Per quanto attiene a La Città dell’oro, il viaggio di don Raffaele, Alonzo, il dottor Velasco e Yaruri a bordo di una scialuppa entro l’intricato viluppo arboreo della foresta amazzonica e lungo le rive del fiume Orenoco «consente a Salgari di dispiegare la sua straordinaria abilità descrittiva. Egli delinea un paesaggio fortemente esotico dove miriadi di animali, fra cui scimmie barbado, giaguari, serpenti, coccodrilli lunghi cinque metri chiamati jacaré, e splendide cucujus – insetti fosforescenti che emettono una luce così intensa che ci si può permettere di “leggere comodamente anche durante le notti più oscure” – giganteschi pipistrelli, vampiri si muovono in mezzo a una profusione di piante, perfettamente sconosciute al lettore ma dai nomi piacevolmente musicali. Ed è, infatti, tutto un susseguirsi di jupati, splendide palme dalle foglie gigantesche; miriti, dalle foglie disposte a ventaglio; paphuna, dai frutti somiglianti alle pesche; bacaba, piante vinifere; anhinga, piante acquatiche dalle foglie a forma di cuore; e ancora mucammù, cari, tucumà, muruncerù, ayri, assuly, simaruba, calupi, in un caleidoscopio di suoni ammalianti».[1]

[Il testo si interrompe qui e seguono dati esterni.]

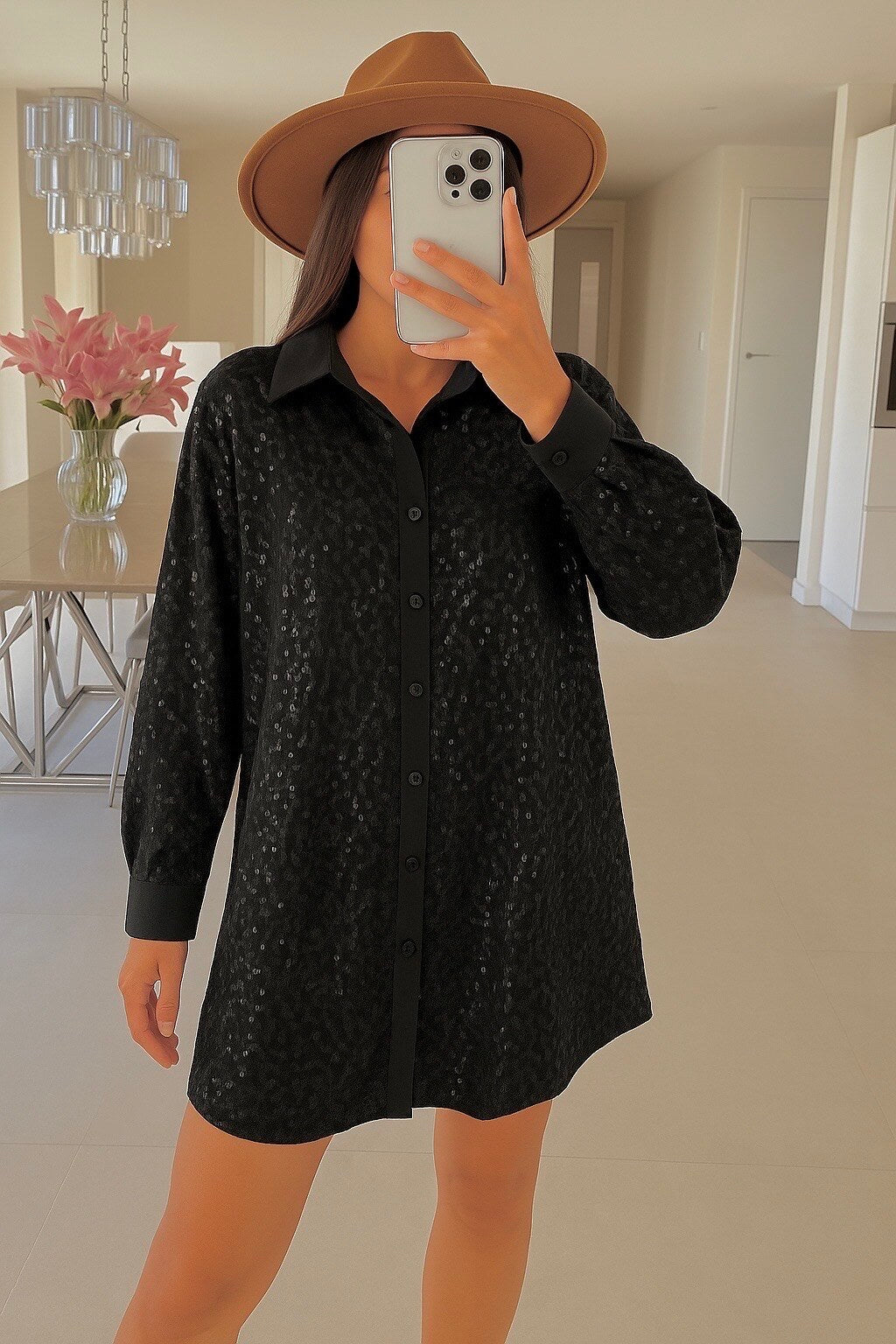 Leopard sequin shirt dress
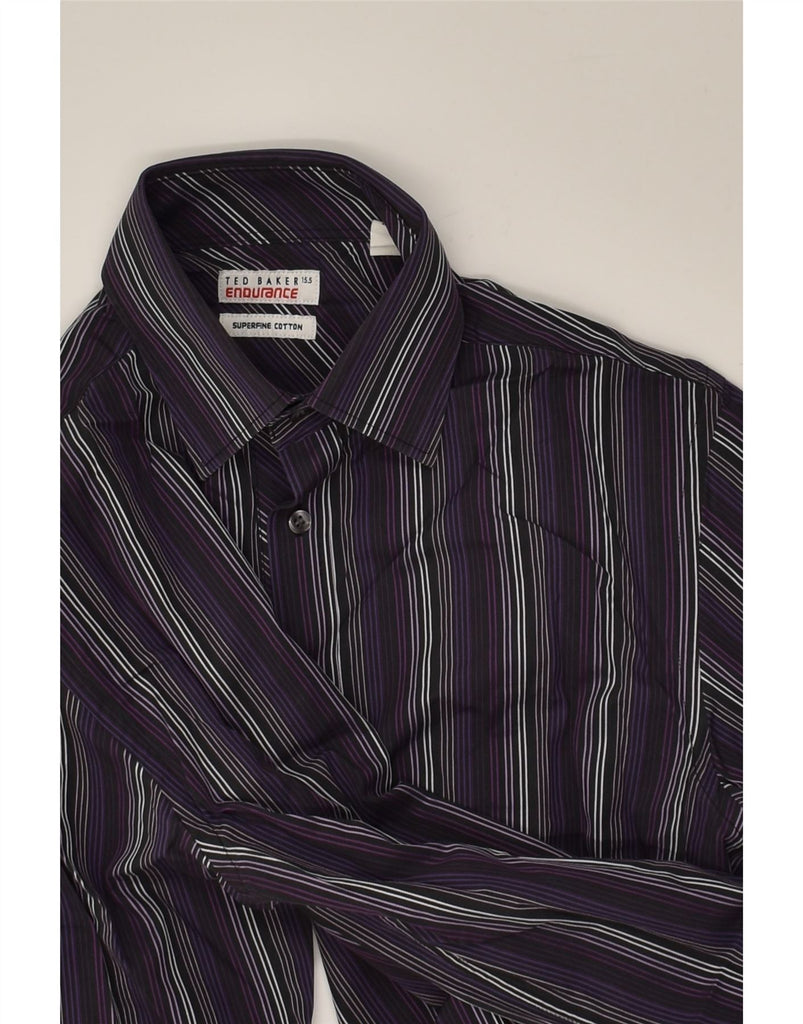 TED BAKER Mens Shirt Size 15 1/2 Medium Purple Striped Cotton | Vintage Ted Baker | Thrift | Second-Hand Ted Baker | Used Clothing | Messina Hembry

Ruggero Leonardi ha poi messo in risalto l’“anomalia” (se così può dirsi) rappresentata dal brevissimo e brusco finale del romanzo: «Quando finalmente – scrive Leonardi – ai nostri eroi è concesso, sia pure per pochi minuti, di avere una visione di questo mitico Eldorado, ecco la conclusione salgariana: “Là, in mezzo a una vallata racchiusa da immense rocce tagliate a picco, appariva una grande città i cui tetti d’oro e le cui colonne dorate scintillavano sotto i raggi del sole”. Ed è tutto qui. I tre uomini bianchi potranno tornare a casa ben muniti di oggetti d’oro perché il capo indio si mostra comprensivo ma la “favola”, un centinaio di pagine tutte protese al compiersi di un desiderio che non è solo cupidigia d’oro ma anche, e forse soprattutto, cupidigia di vedere con i propri occhi un mito ammantato d’oro, si spegne così, con poche asciutte parole».[2]
Armando Bisanti
NOTE:
[1] C. Lombardo, La leggenda dell’“Eldorado”, in E. Salgari, La Città dell’oro, a cura di C. Lombardo, Milano, Fabbri, 2003, p. 6.
[2] R. Leonardi, Vero bohèmien d’istinti randagi, in Ricchezza di Emilio Salgari, numero monografico di «Belphegor» 5,2 (2006), disponibile on line al sito www.dal.ca/etc/belphegor. Sul romanzo, cfr. anche quanto ha scritto F. Pozzo, L’officina segreta di Emilio Salgari, Vercelli, Mercurio, 2006, pp. 159-164.